Monday, December 23, 2013

Britain’s refusal to defend Christians in the Middle East is shameful

Ed West for Mosaic Magazine

I have an ebook published called The Silence of Our Friends, on the persecution of Christians in the Middle East and the apathy of the West about this tragic and historic event. (A link will appear at the top of this page – in the meantime please spread the word.)

Iraqi ChristiansI say apathy, but lots of people are concerned, and in the past year and a half such books as Christianophobia, Persecuted and The Global War on Christians have tackled worldwide persecution; there has also been increasing awareness following violence in Syria and Egypt over the summer, and last month Baroness Warsi became the first minister to raise the subject.

Not that the British Government will actually do anything, as was made clear last week when Foreign Office Minister Mark Simmonds told MPs that Britain will not defend persecuted Christians. Responding to backbenchers who said that Christians were being singled out for attack, the minister said that all groups were suffering under intolerant regimes, a logic Alan Johnson of the Telegraph calls ‘universalise-to-minimise’. The less you specifically focus on an issue, the easier it is to ignore.

Simmonds stated that ‘our response to the persecution of Christians should not be sectarian. We should not be standing up for … Christians in particular, we should be supporting the right to freedom of religion.’

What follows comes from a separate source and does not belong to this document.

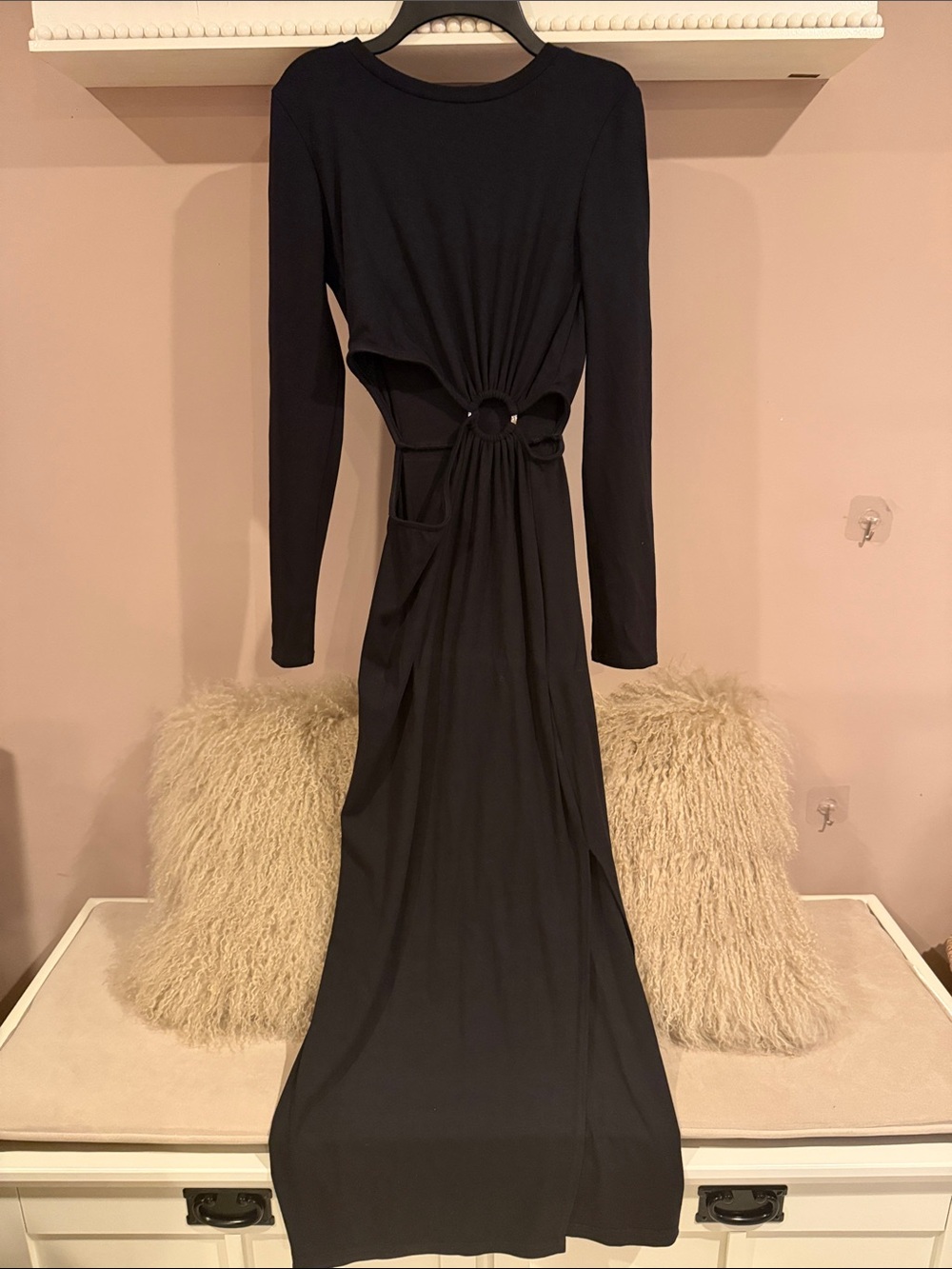 Black Long Sleeve Cutout Maxi Dress with Ring Detail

He also argued that ‘there is a risk of isolating them from the wider populations, identifying them as something of a fifth column and even exacerbating the persecution’, which has been the line used by Britain and America for many years.

Taking aside the issue of ‘freedom of religion’, which is interpreted very differently by the Foreign Office’s friends in the Organisation of the Islamic Conferences to how it is by westerners, this argument doesn’t really stand up.

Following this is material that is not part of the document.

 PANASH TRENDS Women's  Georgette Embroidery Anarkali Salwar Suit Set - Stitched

Islamists see Christians as a fifth column, whatever the West does, because that’s their mindset. Anti-Islamist Muslims meanwhile have an active personal interest in preventing Christian persecution and expulsion, since it will make life worse for them too.

But Muslims of all shades, who see western Christian leaders abandoning Christian minorities before discriminatory laws and state-inspired violence, aren’t going to think ‘oh wonderful, the British don’t believe in discrimination’; they are going to think that these people have no faith, no courage and no decency – in short, they’re decadent. And they would not be wrong.

The British and Americans have been doing this ‘let’s not be seen to take sides’ act since the invasion of Iraq. When the bombing of churches escalated in 2004, and when the Baghdad government denied basic services to Christian villages, religious freedom advocates like Nina Shea pressed the Americans to do something.

As Shea told me, ‘A number of us tried to bring it to their attention, and basically Condi Rice told me that the US just did not want to appear sectarian… Yet of course they removed a Sunni government and helped the Shia, and then championed Sunni appointments because they didn’t want Sunnis left out. But they said nothing about smaller, less violent minority religions, they just didn’t count.’ That has been repeated with US policy towards Egypt.

What a ‘non-sectarian policy’ therefore entails is discrimination in favour of the strongest and most aggressive groups. Iraq’s pre-war Christian population of 1 million has now fallen to 150,000, many of them elderly; still, the Foreign Office tells us, this issue is being taken very seriously and the issue is raised through the appropriate channels etc etc.

There’s an old saying attributed to the Arabs – better to be the enemy of the English, for that way they will buy you, for if you are their friends they will most certainly sell you. In its foreign policy, Albion remains as perfidious as ever.